Las mascarillas profilácticas se han convertido en la metáfora polivalente de una crisis global: indigencia industrial, anquilosamiento administrativo, impotencia sanitaria, destrucción económica y por ahí seguido. Cuando estalló la imprevisible pandemia del covid (en este tiempo de inteligencia artificial, expertos hasta en la sopa, cámaras de vigilancia por doquier y observatorios de toda laya, los acontecimientos que verdaderamente importan siempre resultan imprevisibles), los estados y la sociedad comprendieron la que se les venía encima cuando constataron la falta de mascarillas. Ese trapito con unas sujeciones para colgar de las orejas, que bien hubiera podido aparejar nuestra abuela, se convirtió en un artículo de primera necesidad universal, el signo de una alarma sanitaria colosal e inabarcable que ponía en riesgo a la humanidad entera y, en primer término, la capacidad de los estados para proteger a sus poblaciones. Y entonces empezó el tráfico, lindante con el contrabando, el chanchullo y la corrupción. Hasta que, cubierta la demanda, la necesidad de mascarillas derivó en el caso mascarillas.

El tal caso mascarillas tiene innumerables variantes y una de ellas se ha registrado en la remota provincia subpirenaica, donde una empresa pública del gobierno regional y la patronal de la empresa privada andan a la greña por 1,8 millones de euros perdidos en el trasiego de mascarillas. El pleito lleva camino de terminar en los tribunales, que en este país es el delta donde embalsan todas las torrenteras provocadas por la insolidaridad y la ineficacia del vecindario y sus instituciones. Pero esa es historia para otro día, no nos distraigamos.
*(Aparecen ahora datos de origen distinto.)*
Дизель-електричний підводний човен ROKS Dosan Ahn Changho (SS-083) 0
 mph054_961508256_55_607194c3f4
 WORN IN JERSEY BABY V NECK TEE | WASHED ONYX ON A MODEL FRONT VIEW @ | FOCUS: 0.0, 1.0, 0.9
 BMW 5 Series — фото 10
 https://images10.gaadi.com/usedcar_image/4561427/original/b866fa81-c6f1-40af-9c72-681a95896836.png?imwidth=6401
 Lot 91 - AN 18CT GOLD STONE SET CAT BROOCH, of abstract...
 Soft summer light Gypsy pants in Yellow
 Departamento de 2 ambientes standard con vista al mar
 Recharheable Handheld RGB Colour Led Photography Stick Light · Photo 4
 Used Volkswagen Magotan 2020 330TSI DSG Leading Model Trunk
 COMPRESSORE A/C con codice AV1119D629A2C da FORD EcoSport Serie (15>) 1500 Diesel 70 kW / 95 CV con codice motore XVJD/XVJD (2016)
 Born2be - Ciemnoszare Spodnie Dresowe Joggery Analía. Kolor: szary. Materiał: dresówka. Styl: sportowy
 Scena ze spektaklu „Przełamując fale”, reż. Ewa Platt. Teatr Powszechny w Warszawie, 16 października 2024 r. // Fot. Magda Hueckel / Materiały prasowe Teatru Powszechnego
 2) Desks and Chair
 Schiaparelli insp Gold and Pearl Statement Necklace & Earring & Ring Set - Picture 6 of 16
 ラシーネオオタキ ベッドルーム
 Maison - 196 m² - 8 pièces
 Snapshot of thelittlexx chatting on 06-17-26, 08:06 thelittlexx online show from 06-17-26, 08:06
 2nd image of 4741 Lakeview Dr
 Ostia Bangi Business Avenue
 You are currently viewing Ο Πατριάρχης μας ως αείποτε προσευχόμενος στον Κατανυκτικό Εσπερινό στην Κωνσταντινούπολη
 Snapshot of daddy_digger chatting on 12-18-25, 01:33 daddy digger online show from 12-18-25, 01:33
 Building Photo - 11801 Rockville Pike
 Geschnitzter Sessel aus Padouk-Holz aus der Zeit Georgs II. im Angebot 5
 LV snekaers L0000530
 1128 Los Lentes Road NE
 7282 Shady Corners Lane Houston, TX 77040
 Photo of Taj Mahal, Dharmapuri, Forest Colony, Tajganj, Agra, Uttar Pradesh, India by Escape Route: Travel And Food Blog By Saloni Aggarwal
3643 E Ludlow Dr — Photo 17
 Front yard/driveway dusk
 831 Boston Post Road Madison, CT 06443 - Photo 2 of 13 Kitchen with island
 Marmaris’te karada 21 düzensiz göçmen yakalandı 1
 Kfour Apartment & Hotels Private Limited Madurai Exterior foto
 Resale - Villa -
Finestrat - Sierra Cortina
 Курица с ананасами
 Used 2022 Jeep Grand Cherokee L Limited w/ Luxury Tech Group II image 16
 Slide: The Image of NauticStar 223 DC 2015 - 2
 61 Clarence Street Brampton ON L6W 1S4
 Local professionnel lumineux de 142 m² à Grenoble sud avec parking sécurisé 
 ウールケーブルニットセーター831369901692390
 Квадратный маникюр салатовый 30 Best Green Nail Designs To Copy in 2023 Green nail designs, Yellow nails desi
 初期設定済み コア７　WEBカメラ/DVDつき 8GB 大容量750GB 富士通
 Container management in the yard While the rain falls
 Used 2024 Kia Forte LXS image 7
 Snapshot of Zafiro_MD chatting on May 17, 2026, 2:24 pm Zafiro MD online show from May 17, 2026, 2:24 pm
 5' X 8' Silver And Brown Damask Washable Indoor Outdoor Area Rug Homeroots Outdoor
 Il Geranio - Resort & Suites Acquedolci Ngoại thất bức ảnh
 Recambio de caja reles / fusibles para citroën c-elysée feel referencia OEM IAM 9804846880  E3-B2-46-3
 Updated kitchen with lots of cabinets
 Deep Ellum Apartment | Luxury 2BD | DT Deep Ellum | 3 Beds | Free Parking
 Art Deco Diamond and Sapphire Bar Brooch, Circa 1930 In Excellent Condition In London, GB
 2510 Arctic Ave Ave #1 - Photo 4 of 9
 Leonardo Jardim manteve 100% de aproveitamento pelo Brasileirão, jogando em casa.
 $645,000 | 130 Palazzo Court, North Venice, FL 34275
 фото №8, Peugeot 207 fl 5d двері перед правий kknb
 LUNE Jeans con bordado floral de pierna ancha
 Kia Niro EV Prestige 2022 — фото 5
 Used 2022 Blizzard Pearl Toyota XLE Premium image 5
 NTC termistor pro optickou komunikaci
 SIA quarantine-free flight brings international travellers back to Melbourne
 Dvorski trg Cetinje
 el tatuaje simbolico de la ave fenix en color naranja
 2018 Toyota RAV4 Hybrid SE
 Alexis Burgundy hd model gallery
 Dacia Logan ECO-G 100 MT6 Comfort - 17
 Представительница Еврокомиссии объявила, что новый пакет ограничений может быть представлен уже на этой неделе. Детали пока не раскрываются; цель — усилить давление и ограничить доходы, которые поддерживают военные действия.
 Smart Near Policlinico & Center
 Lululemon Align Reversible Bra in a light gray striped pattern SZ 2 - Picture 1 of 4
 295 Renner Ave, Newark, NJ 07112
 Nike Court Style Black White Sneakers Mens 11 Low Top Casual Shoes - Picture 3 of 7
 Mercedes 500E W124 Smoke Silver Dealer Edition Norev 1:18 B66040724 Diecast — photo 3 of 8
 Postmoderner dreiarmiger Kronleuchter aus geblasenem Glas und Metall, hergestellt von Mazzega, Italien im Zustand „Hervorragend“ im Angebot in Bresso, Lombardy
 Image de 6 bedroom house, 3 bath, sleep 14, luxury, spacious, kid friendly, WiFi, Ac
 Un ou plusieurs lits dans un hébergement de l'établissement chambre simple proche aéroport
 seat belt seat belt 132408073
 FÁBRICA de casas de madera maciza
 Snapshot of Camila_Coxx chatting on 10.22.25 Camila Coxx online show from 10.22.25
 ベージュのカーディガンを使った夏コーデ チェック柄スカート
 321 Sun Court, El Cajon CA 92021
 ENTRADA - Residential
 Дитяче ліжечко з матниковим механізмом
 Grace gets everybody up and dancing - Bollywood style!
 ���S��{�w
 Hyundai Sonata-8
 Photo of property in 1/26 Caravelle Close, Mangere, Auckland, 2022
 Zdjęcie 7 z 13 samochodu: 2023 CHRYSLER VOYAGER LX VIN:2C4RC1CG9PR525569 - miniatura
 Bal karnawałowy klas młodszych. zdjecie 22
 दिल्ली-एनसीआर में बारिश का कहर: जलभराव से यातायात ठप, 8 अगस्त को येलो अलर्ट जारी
La empresa pública de la que se habla fue creada en 1984, en pleno felipismo, cuando sobre el país caía un tenue sirimiri socialdemócrata en el que confluian los sueños plebeyos de control público de la economía y la voluntad de las élites de conservarla a su beneficio. La función de la empresa era, y es, promocionar las virtudes de la provincia como tierra de inversión y facilitar la implantación de empresas, con apoyo financiero si fuera necesario, y todo con una retórica de arrebatada modernidad. El curioso lector de su página web verá palabras resonantes como abracadabras: política de inversión responsable, estrategia de sostenibilidad, clúster de salud, etcétera. Pero más allá del autobombo, la empresa ostenta una hoja de servicios que nadie ha discutido. Hasta ahora.

Las mascarillas han puesto en crisis este modelo de colaboración público-privada propenso a los enjuagues, como también ha ocurrido en Madrid. En el reino de doña Ayuso, la administración pública está para favorecer a la iniciativa privada, sin más requisitos ni melindres, y así apareció en la atribulada escena de la pandemia un don Sanchinchón y sus socios españoles, un par de logreros de cuidado, que no solo se embolsaron una pasta sino que traficaron con mascarillas defectuosas. En la remota provincia, la empresa del gobierno regional acordó sin mayores cautelas la compra de mascarillas para las empresas privadas. En aquel momento, parecía no solo una buena idea sino la única posible. Se hizo por el bien común, nadie se llevó comisiones y las mascarillas están en buen uso pero ha quedado un excedente que nadie necesita y que el sector privado no quiere pagar. ¿Les suena?